◆ Assignment ◆
From the line that contains "Mary Lou Goertzen" to the last line of the data below, transcribe every line exactly. Do not include the pictures.

Records contained in a dataset:
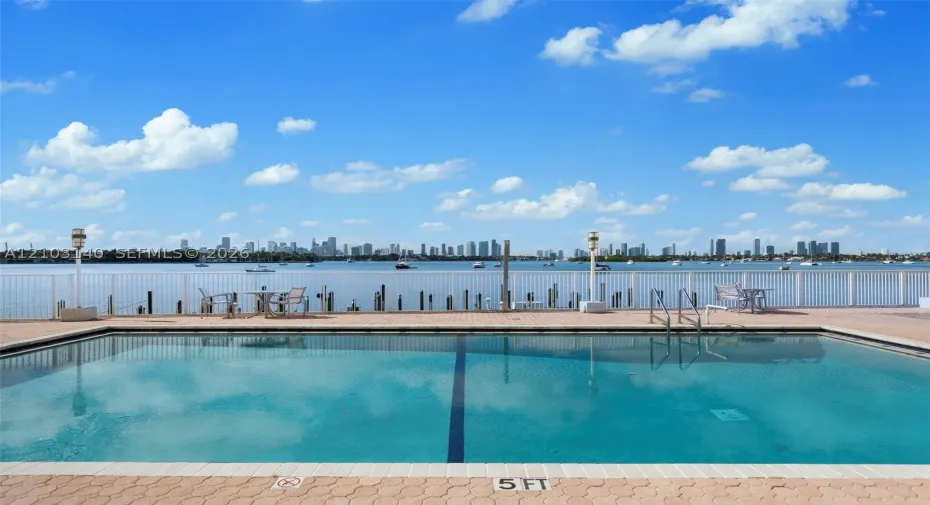Rectangular swimming pool with paved decking, metal perimeter fencing, and water backdrop
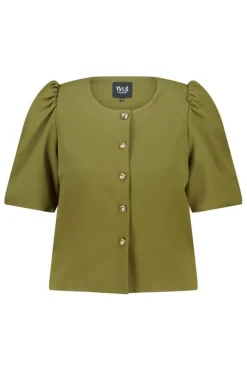 Blazer courte à manches bouffantes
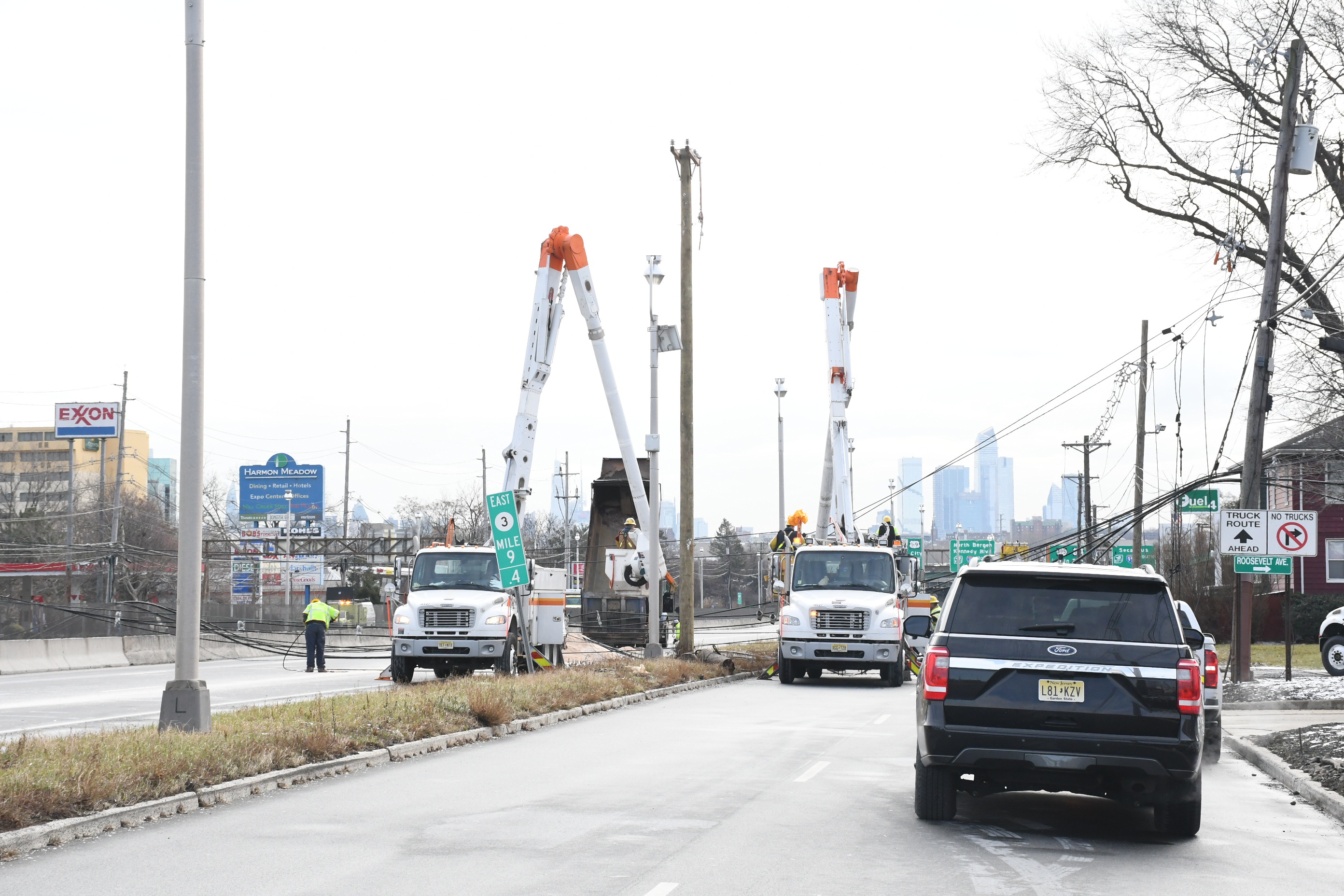PSE&G crews repair Route 3 utility poles taken down by truck - nj.com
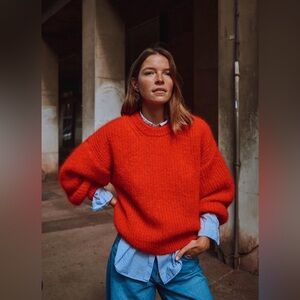 L’envers Lucie batwing mohair wool sweater red M medium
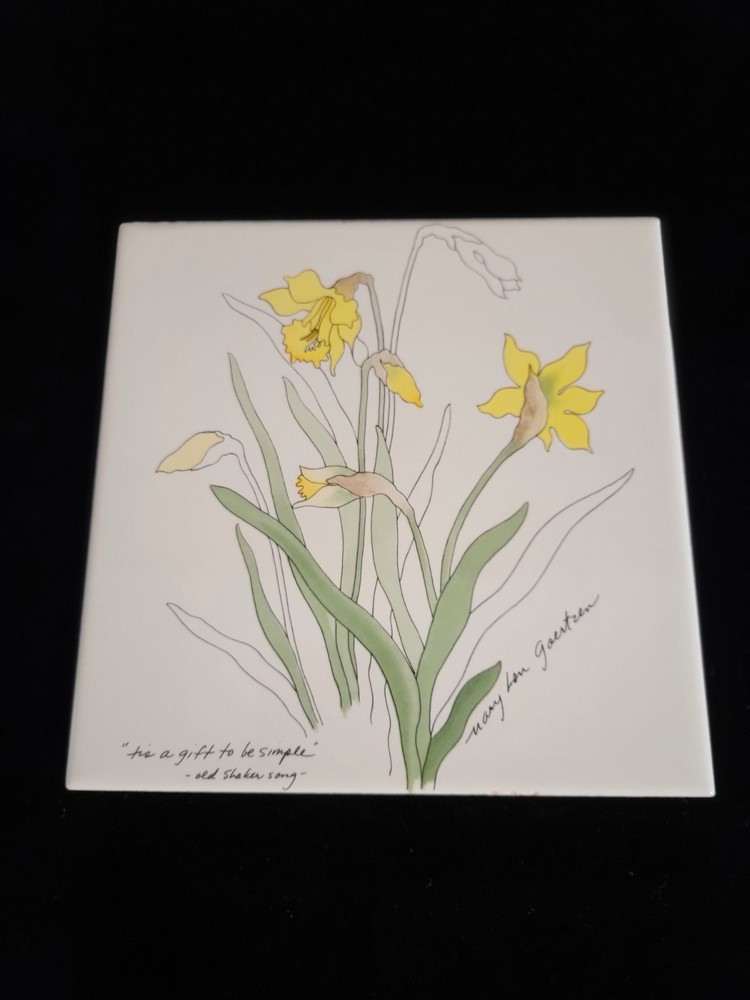 Mary Lou Goertzen Ceramic Tile Trivet Daffodils Art Kitchen Decor - 6" Square
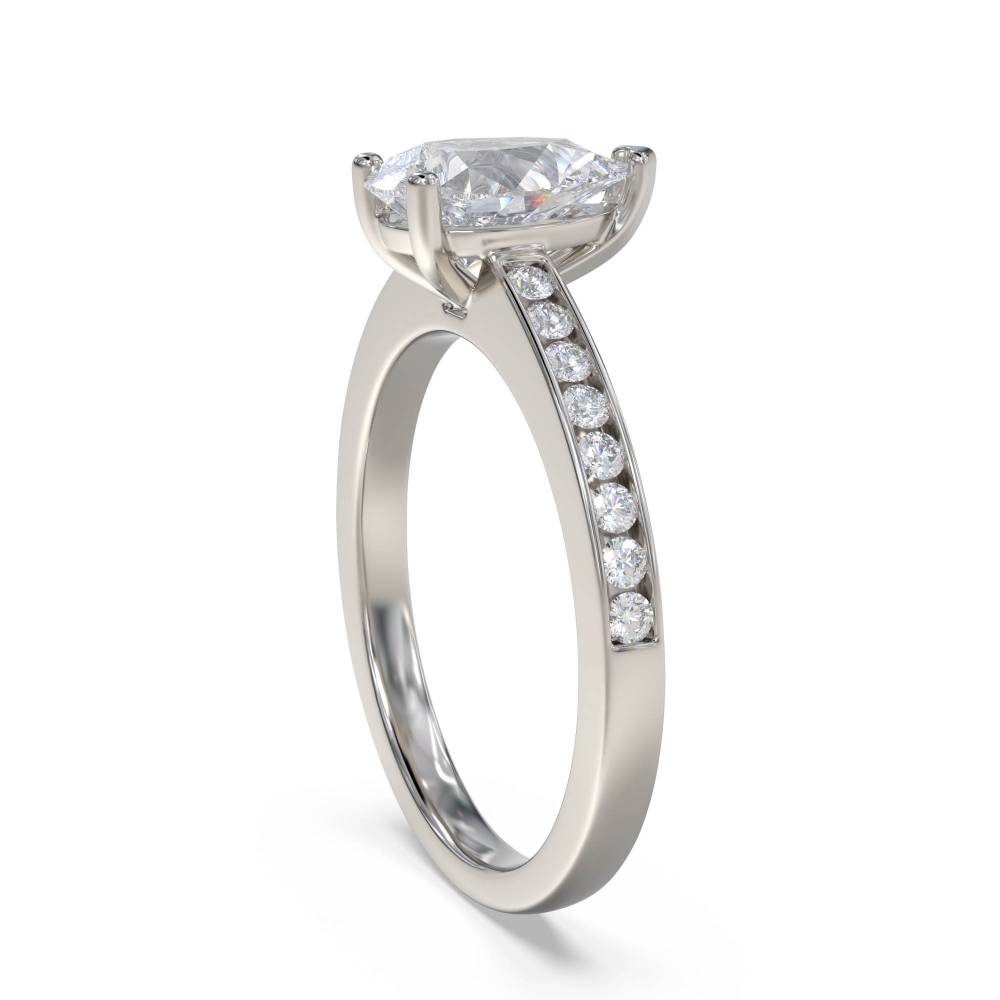 Classic Pear/Round Diamond Shoulder Set Ring set in Platinum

◆ Exercise solution ◆
 Mary Lou Goertzen Ceramic Tile Trivet Daffodils Art Kitchen Decor - 6" Square
 Classic Pear/Round Diamond Shoulder Set Ring set in Platinum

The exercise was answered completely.